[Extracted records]
☆ ☆ ☆
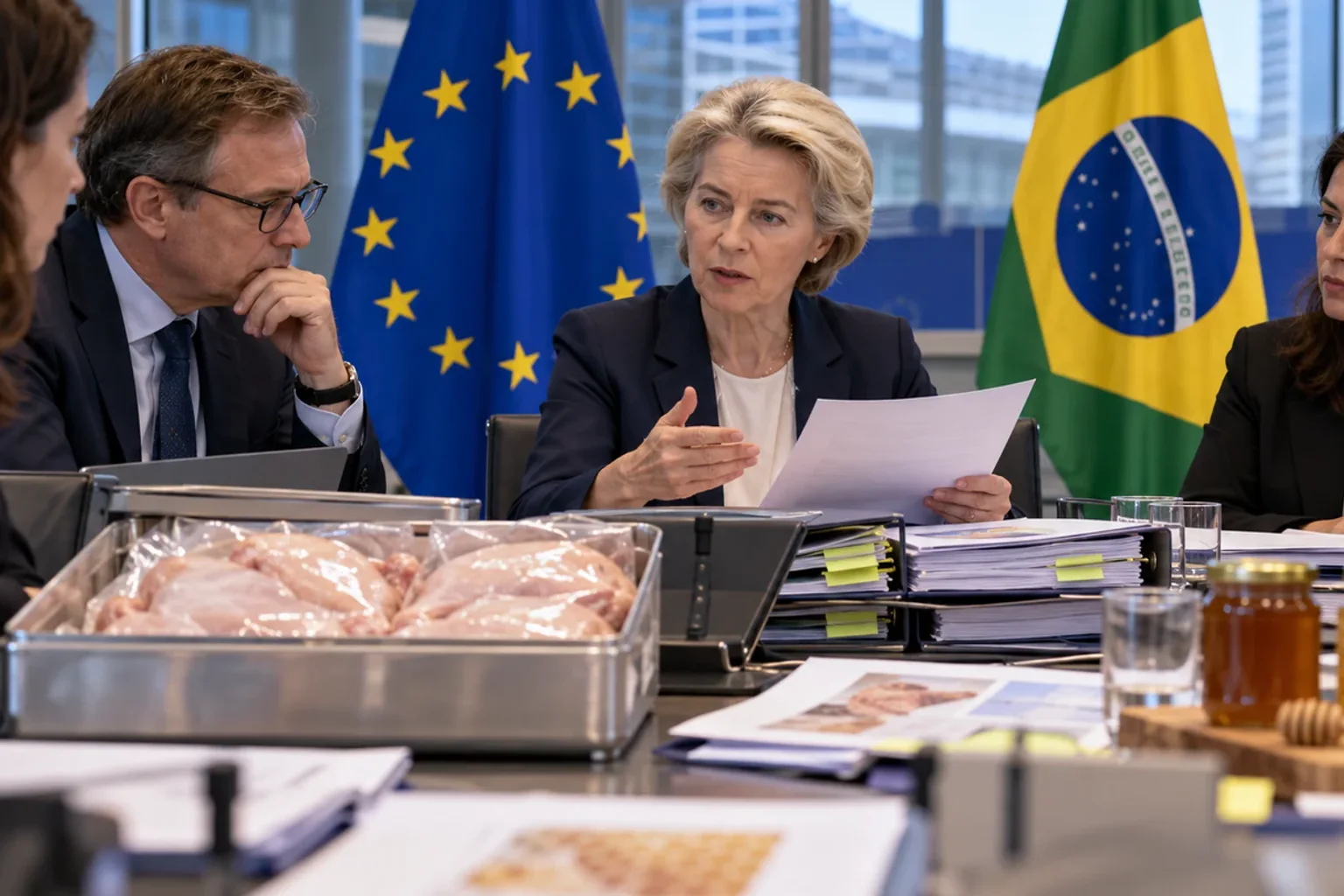 Imagem editorial ilustrativa sobre Comissão Europeia quer reincluir Brasil na lista de exportadores de frango e mel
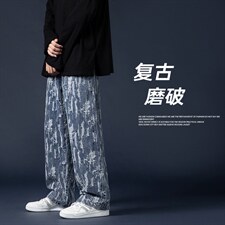 现货！痞帅ins潮流裤子个性破洞宽松休闲裤K6986-P55控78，男装休闲裤，电商A042
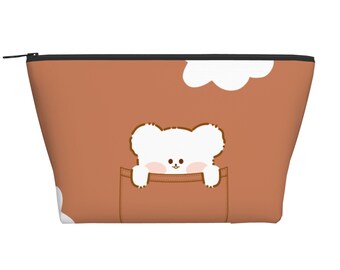 Makeup Bag Customize For Purse Cosmetic Bags for Women Makeup Pouch Travel Makeup Bag PU Leather Portable Make Up Bag with Zipper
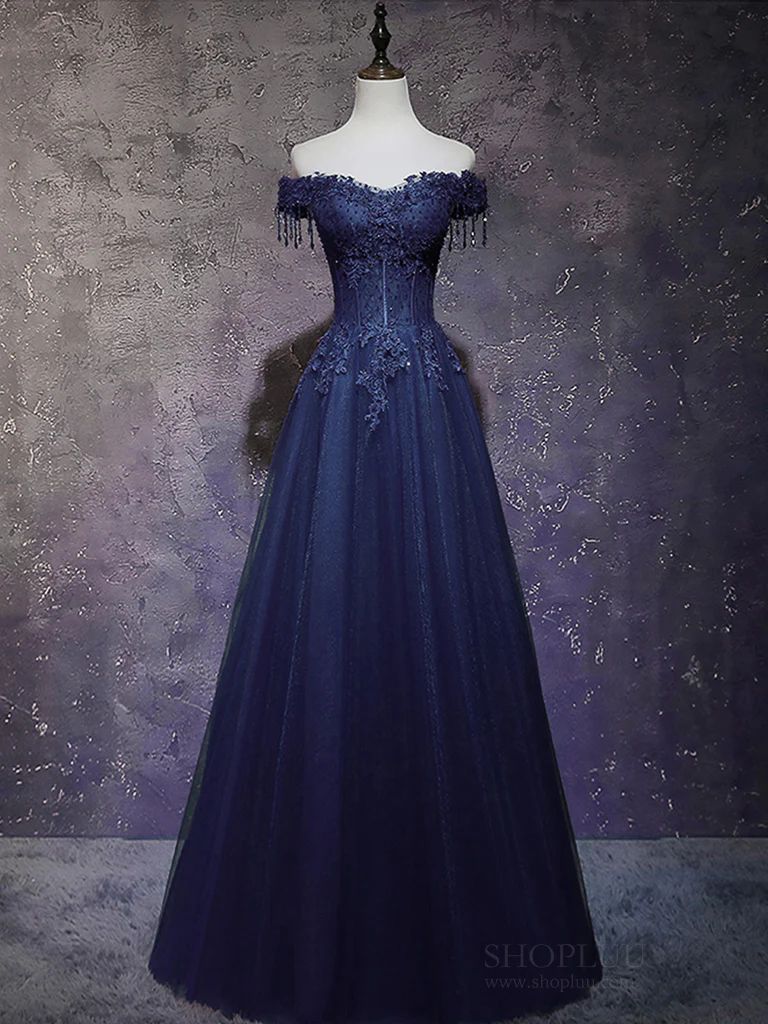 Funkelndes, schulterfreies, marineblaues Ballkleid in A-Linie, bodenlang, aus Spitze, Abendkleid AB745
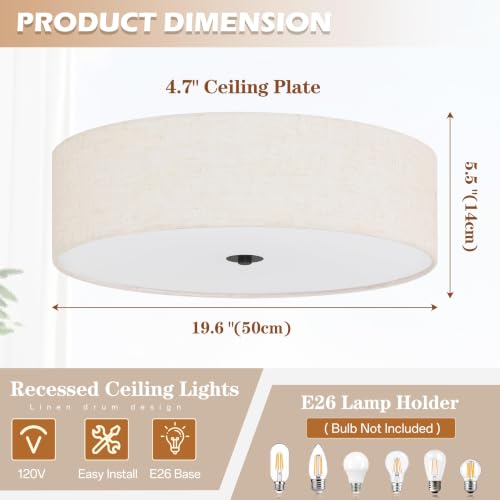 20" Modern Fabric Ceiling Light Black Classic Drum Light Fixture 5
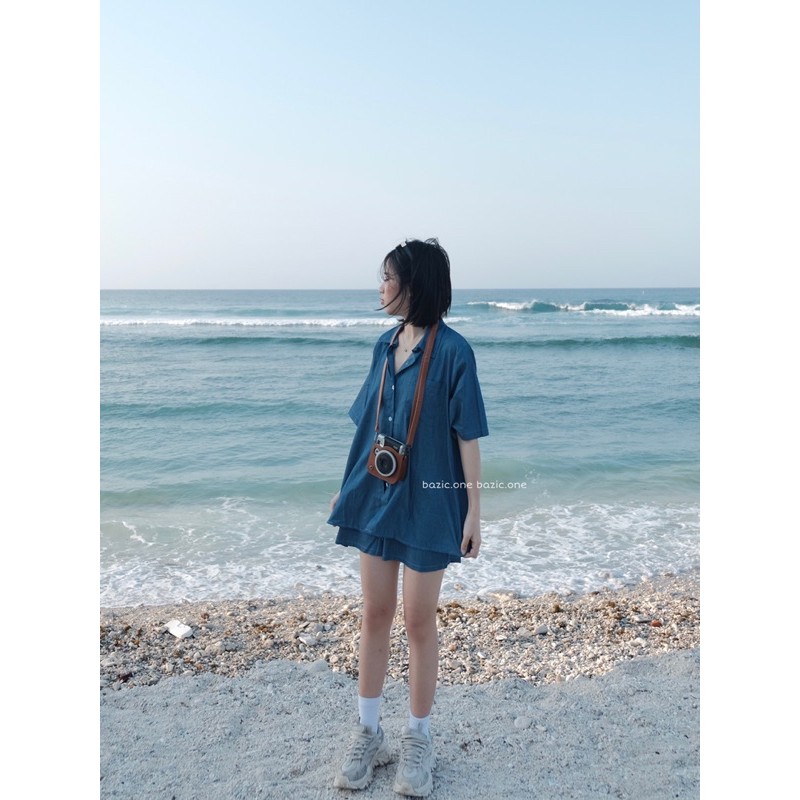 [Mã WAMT1505 giảm 10K đơn 0K] Set áo quần màu denim Bazic one | BigBuy360 - bigbuy360.vn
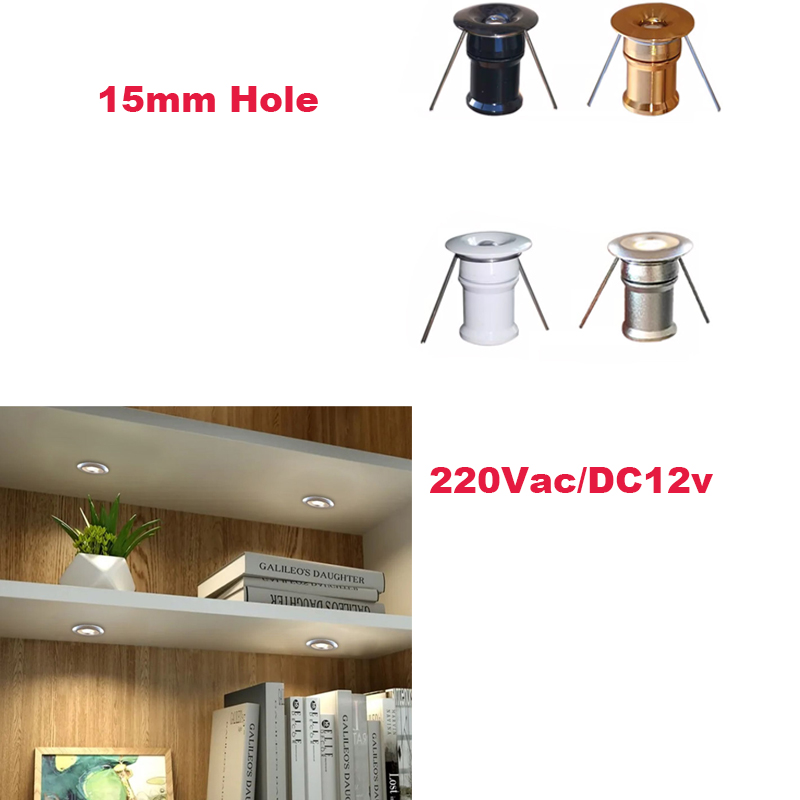 Spot Light 1W Mini LED Spotlight 12V/220v 15mm Recessed Light Ceiling Lamp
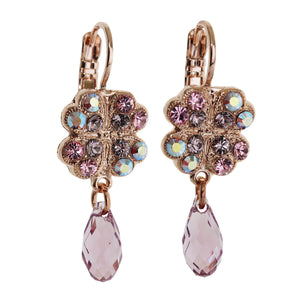 Mariana "Flamingo" Rose Gold Plated Lucky Clover Crystal Earrings, 1040/3 319rg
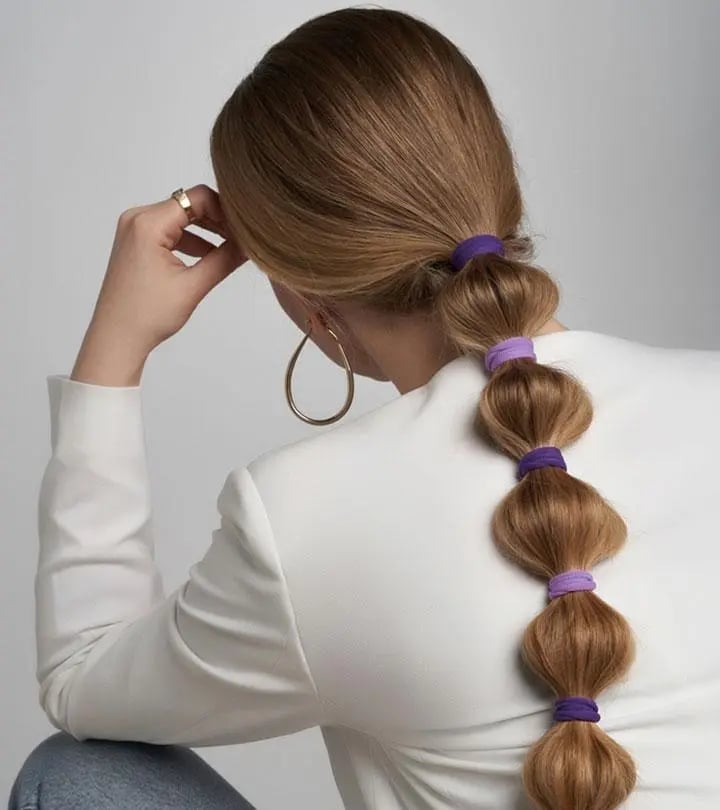 Bubble Ponytail With Purple and Lavender Ties Bubble Ponytail With Purple and Lavender Ties — Rubber Bands Hairstyles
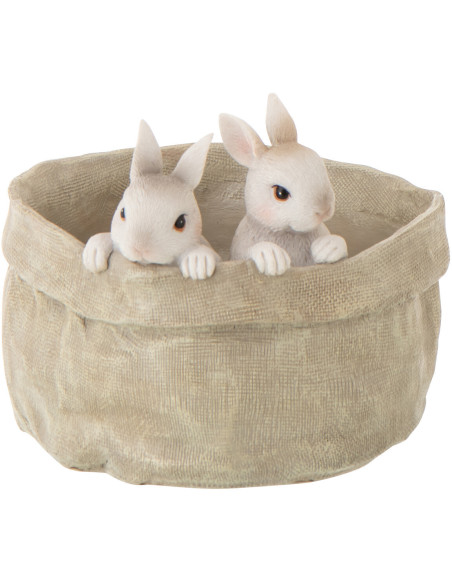 Cache-pot original 2 Lapins Rond 19 cm Poudre de chaux Blanc Beige Rabbinot 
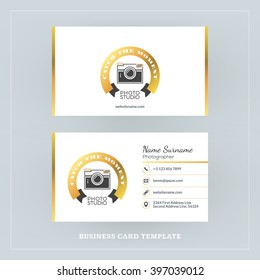Golden and Black Business Card Design Template. Business Card for Photographer or Graphic Designer. Photo Studio Logotype Template. Vector Illustration. Stationery Design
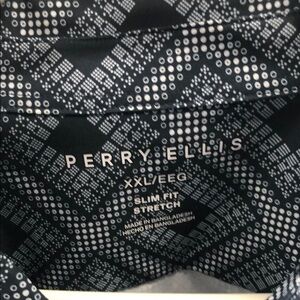 👕NWOT✨Perry Ellis Black Patterned Slim Fit Stretch Shirt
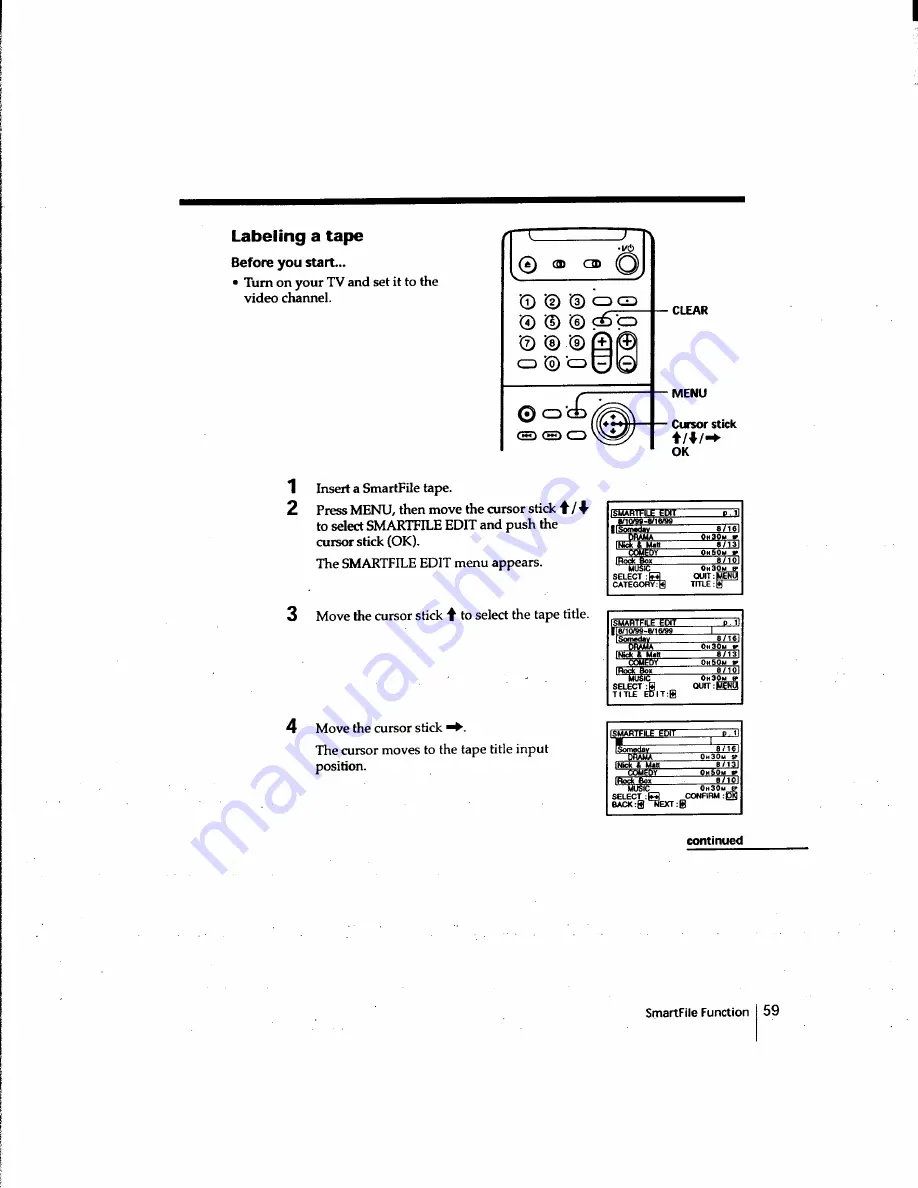 Sony SLV-M91HF - Video Cassette Recorder Скачать руководство пользователя страница 59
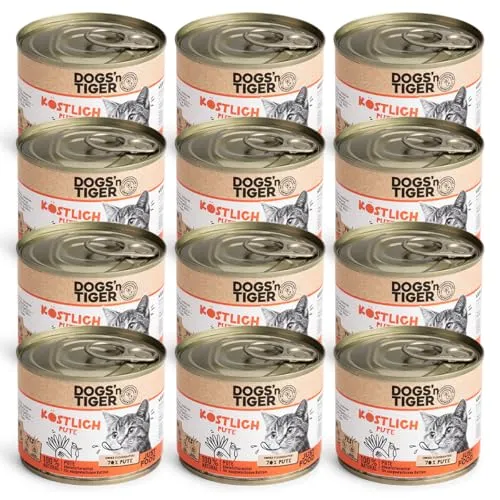 Dogs’n Tiger Adult Premium Katzenfutter, Nassfutter mit Pute, Getreidefrei, 12x 200g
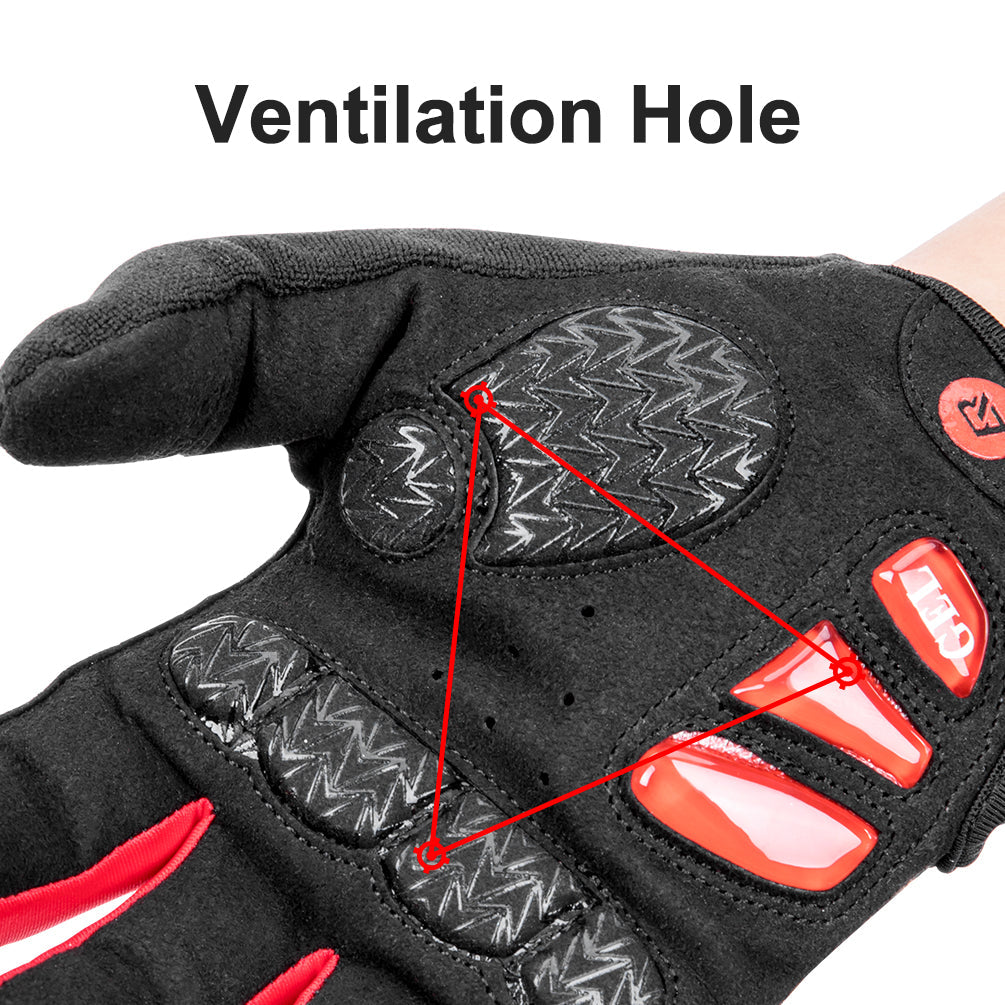 Guantes de ciclismo de dedos completos con acolchado de gel que absorbe los impactos, antideslizantes para pantalla táctil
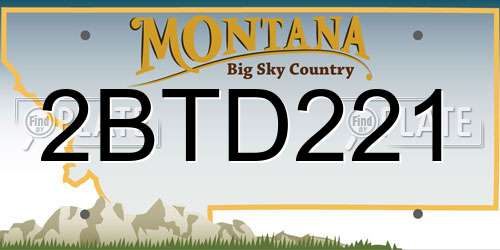 2BTD221 Montana License Plate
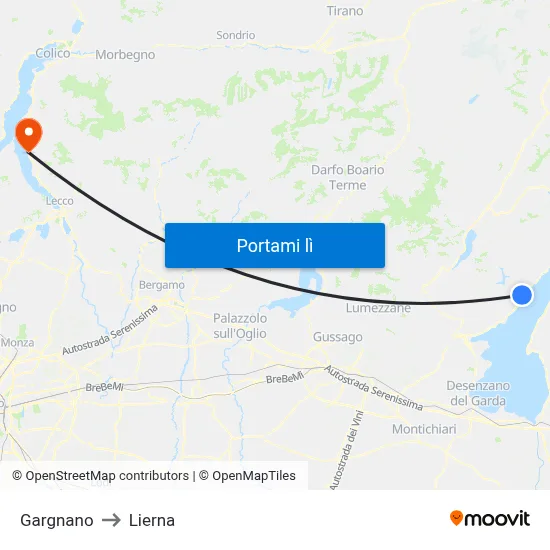 Gargnano to Lierna map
☆ ☆ ☆
* **PROBLEM DETAILS**
Repeat all the records above exactly, leaving out any pictures.

* **EXERCISE SOLUTION**
 Imagem editorial ilustrativa sobre Comissão Europeia quer reincluir Brasil na lista de exportadores de frango e mel
 现货！痞帅ins潮流裤子个性破洞宽松休闲裤K6986-P55控78，男装休闲裤，电商A042
 Makeup Bag Customize For Purse Cosmetic Bags for Women Makeup Pouch Travel Makeup Bag PU Leather Portable Make Up Bag with Zipper
 Funkelndes, schulterfreies, marineblaues Ballkleid in A-Linie, bodenlang, aus Spitze, Abendkleid AB745
 20" Modern Fabric Ceiling Light Black Classic Drum Light Fixture 5
 [Mã WAMT1505 giảm 10K đơn 0K] Set áo quần màu denim Bazic one | BigBuy360 - bigbuy360.vn
 Spot Light 1W Mini LED Spotlight 12V/220v 15mm Recessed Light Ceiling Lamp
 Mariana "Flamingo" Rose Gold Plated Lucky Clover Crystal Earrings, 1040/3 319rg
 Bubble Ponytail With Purple and Lavender Ties Bubble Ponytail With Purple and Lavender Ties — Rubber Bands Hairstyles
 Cache-pot original 2 Lapins Rond 19 cm Poudre de chaux Blanc Beige Rabbinot 
Golden and Black Business Card Design Template. Business Card for Photographer or Graphic Designer. Photo Studio Logotype Template. Vector Illustration. Stationery Design
 👕NWOT✨Perry Ellis Black Patterned Slim Fit Stretch Shirt
 Sony SLV-M91HF - Video Cassette Recorder Скачать руководство пользователя страница 59
 Dogs’n Tiger Adult Premium Katzenfutter, Nassfutter mit Pute, Getreidefrei, 12x 200g
 Guantes de ciclismo de dedos completos con acolchado de gel que absorbe los impactos, antideslizantes para pantalla táctil
 2BTD221 Montana License Plate
 Gargnano to Lierna map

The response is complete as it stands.